If you managed to survive the first battlefield surprise, then discover your trusted religious leaders had effectively lied to you, and then experienced the second and third battlefield surprises, wouldn't you begin to suspect they had held out on you again?
How long before your faith in them is destroyed?
Fighting it out in the open with large numbers as you suggested would among other things would make an excellent target for the Katusha type rockets posters have been suggesting for years; will you condemn the MHoG generals for having no clue about that potential threat the first time they're used?
How do you expect the MHoG to attrite the ICA at a 1-1 ratio when the M96 fires twice as fast as the St. Kylman, besides all the mortars and longer range indirect fire artillery with far higher rates of fire?
Waiting for you to suggest a much smarter solution.
L
MWadwell wrote:n7axw wrote:I would not deny the value of machine guns. However the allies already have what is probably a more efficient way of dealing with massed human wave attacks; the long range and shorter range angle guns which we saw used by DE against Kaitswyth on the Daivyn River.
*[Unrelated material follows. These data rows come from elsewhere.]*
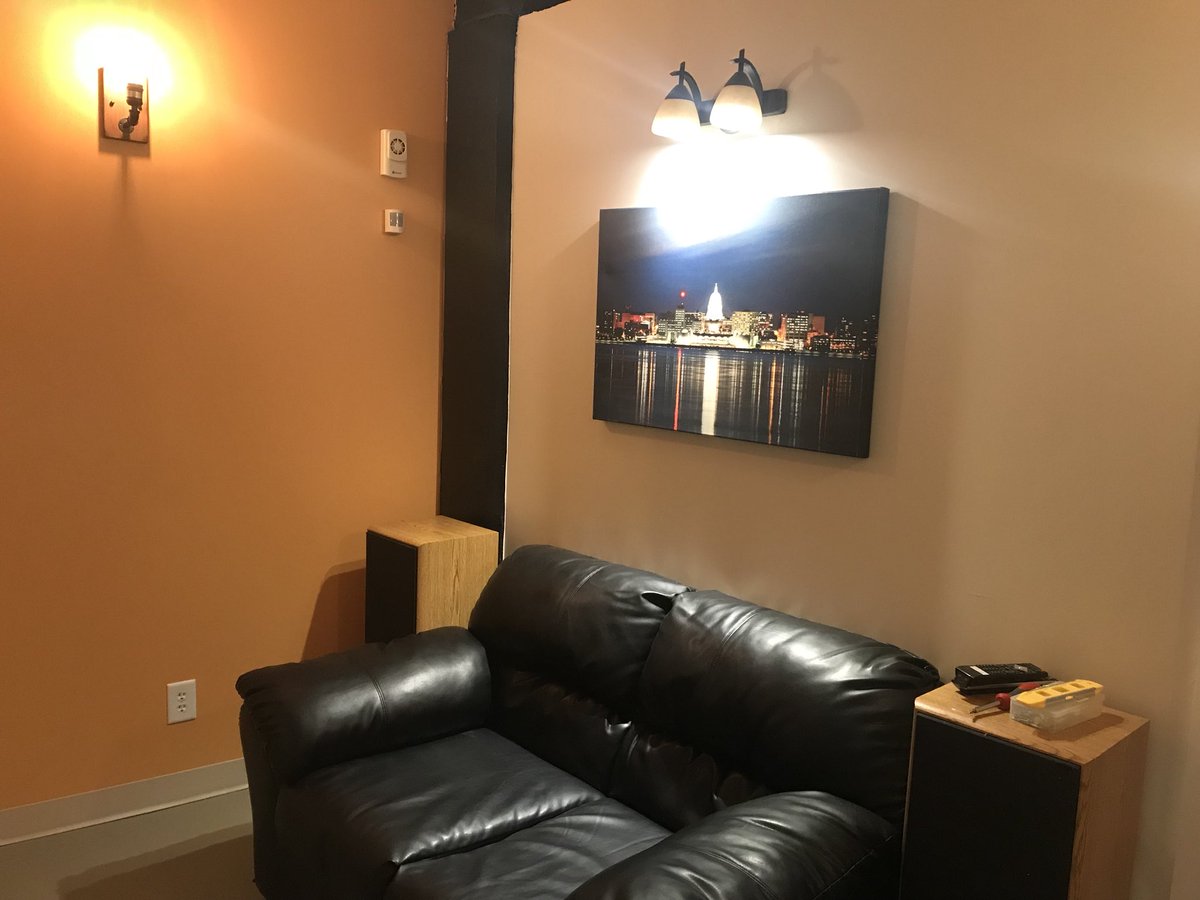 dogsofwarmusic's tweet image. Moving the studio furniture into the space today! #WarmGlowStudios #DOWMusic #Madison #Wisconsin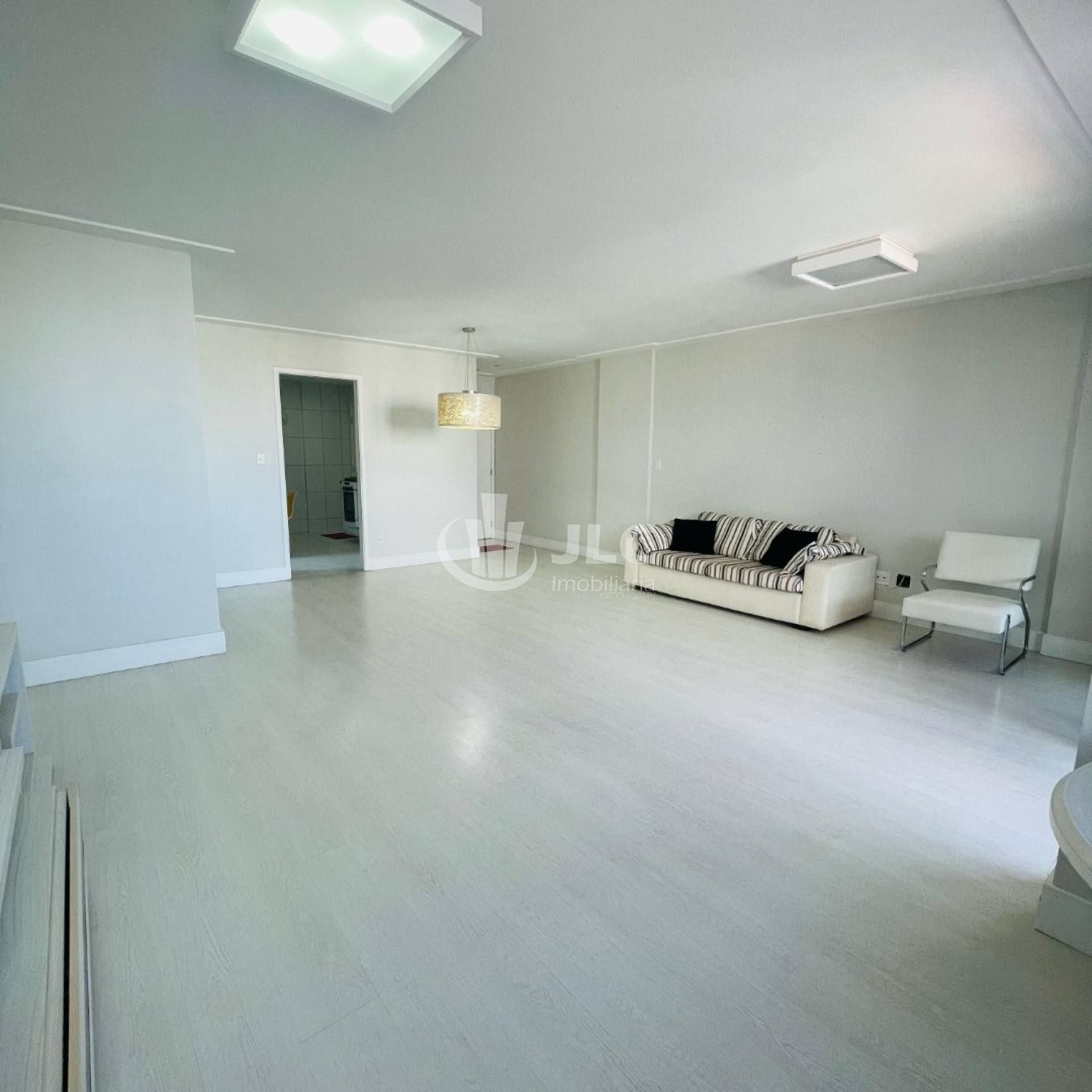 Apartamento à Venda no Condomínio Sunset Garden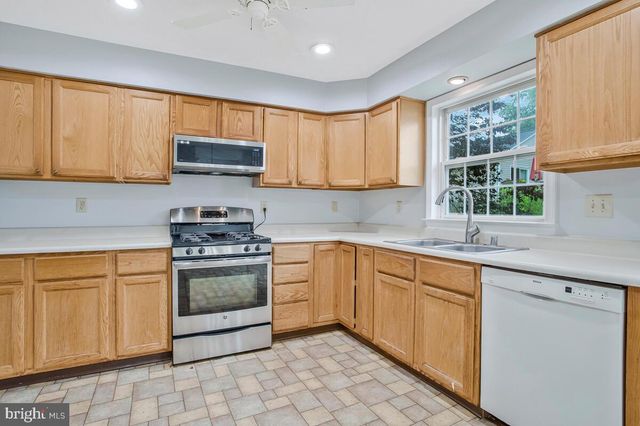 6483 SEDGWICK ST, Elkridge, MD 21075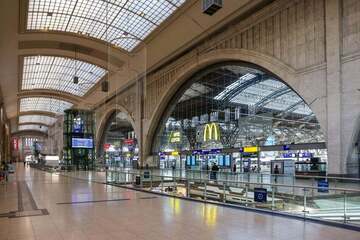 Nackter Mann masturbiert im Leipziger Hauptbahnhof: Polizei muss ihn gehen lassen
With those they can already create a fire zone that would be almost impossible to cross.
My second comment here has to do with the numerical odds the allies face. I realize that 1.7 million men sounds formidable. And it is. But consider. On the Daivyn, DE with 13 thousand men not only defeated Kaitwryth with his approx 140,000 men but forced him to retreat almost 100 miles. Better than 10 to 1 odds. Then at Ft. Tairys, Along with Sympkyn, EHM and the Siddarmarkans, DE not merely defeated but utterly destroyed an army of about 250,000 men with, so far as I can determine, about 125,000 men. Alverez's escapees are really all that's left. The odds have dropped to about 2 to 1.
Now it is basicly up to the Harchongese. My own guess by this time is that the alliance will field approx 800,000 men against the Harchongians, with every man being armed with at minimum of a rifle. I would expect the ammo production issues to be resolved by then without even discussing the steadily increasing allied superiority in all manner of artillery.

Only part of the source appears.